INSTRUCTIONS TO FOLLOW
Copy out every line of the material below, character for character, apart from the pictures.

DATA SHOWN
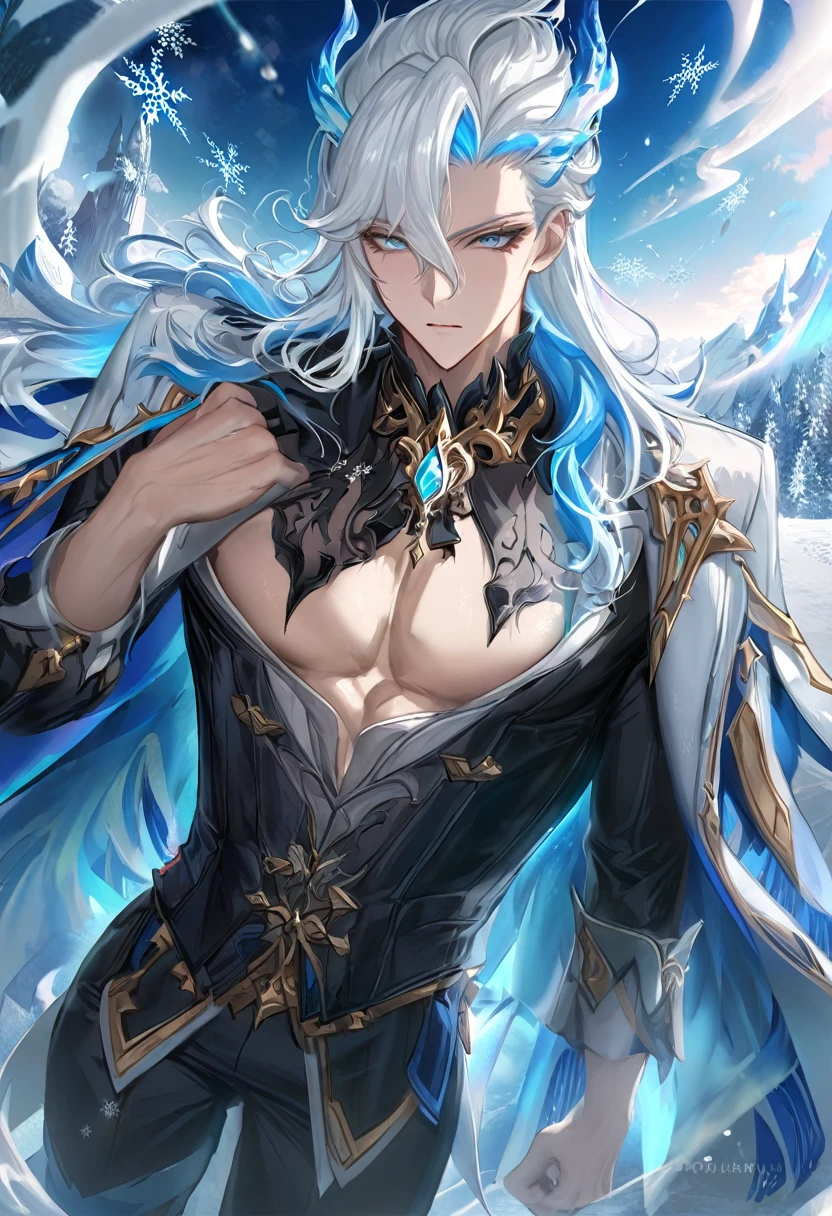 absurdres, highres, ultra detailed, HDR, master piece, best quality, perfect face, Neuvillette, white hair, expressive blue eyes, Genshin Impact, solo, sexy man, handsome, toned chest, sensual, erotic, black clothes, black pants, a winter fantasy world, snowflakes dropping down the sky, everything has turned into ice, a white dragon flying in the distance, exotic colors, magical, powers
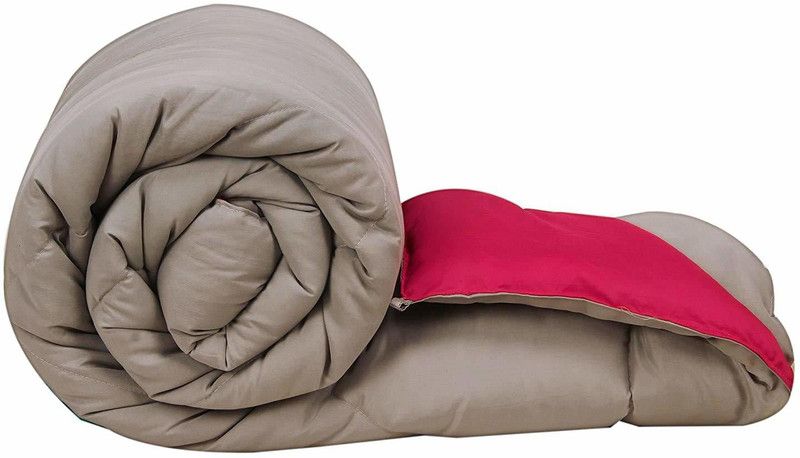 Relaxfeel Solid Double Comforter for Heavy Winter  (Poly Cotton, Pink & Grey)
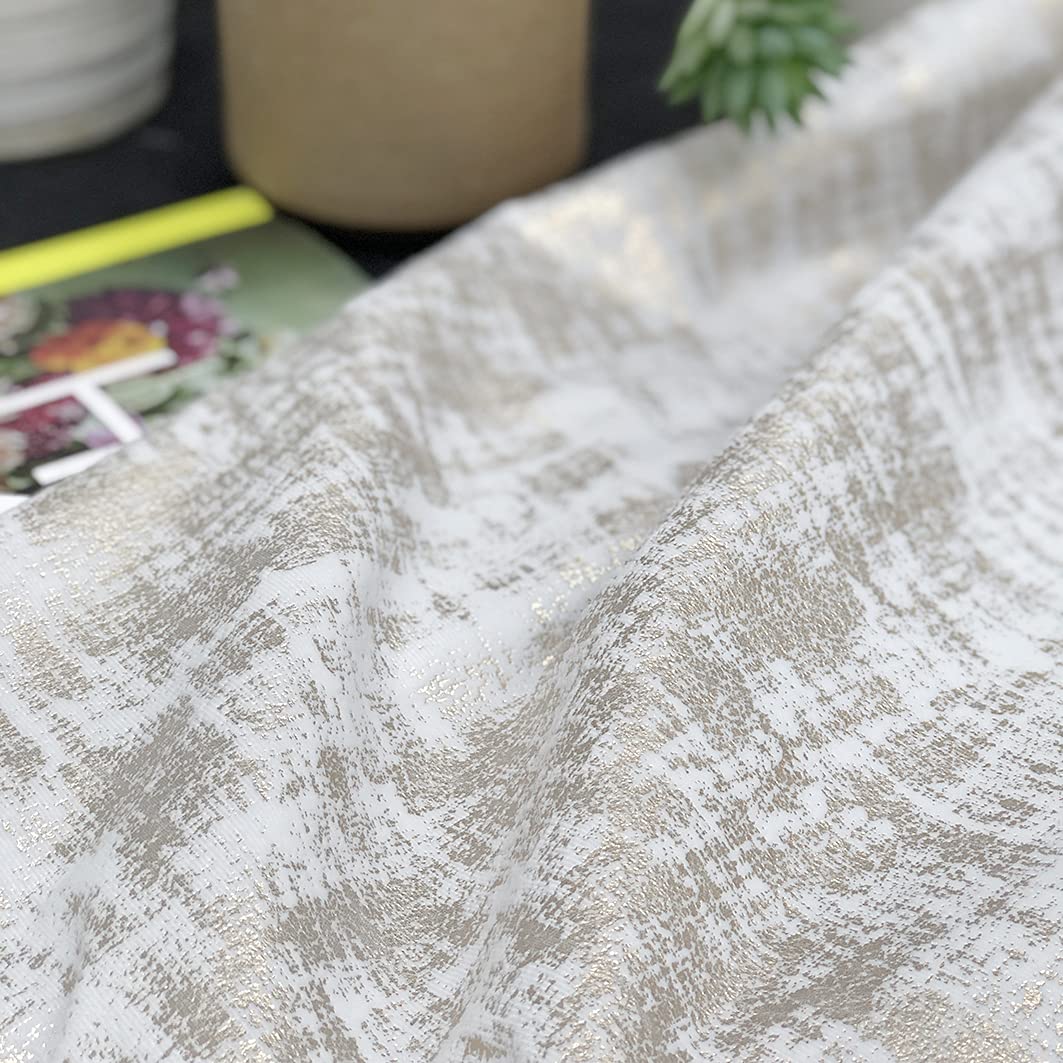 always4u 100% Blackout Soft Velvet Curtains for Bedroom Living Room Thermal Energy Saving 84 Inches Long Luxury Gold Foil Print Drapes 2 Panels White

TASK SOLUTION
 absurdres, highres, ultra detailed, HDR, master piece, best quality, perfect face, Neuvillette, white hair, expressive blue eyes, Genshin Impact, solo, sexy man, handsome, toned chest, sensual, erotic, black clothes, black pants, a winter fantasy world, snowflakes dropping down the sky, everything has turned into ice, a white dragon flying in the distance, exotic colors, magical, powers
 Relaxfeel Solid Double Comforter for Heavy Winter  (Poly Cotton, Pink & Grey)
 always4u 100% Blackout Soft Velvet Curtains for Bedroom Living Room Thermal Energy Saving 84 Inches Long Luxury Gold Foil Print Drapes 2 Panels White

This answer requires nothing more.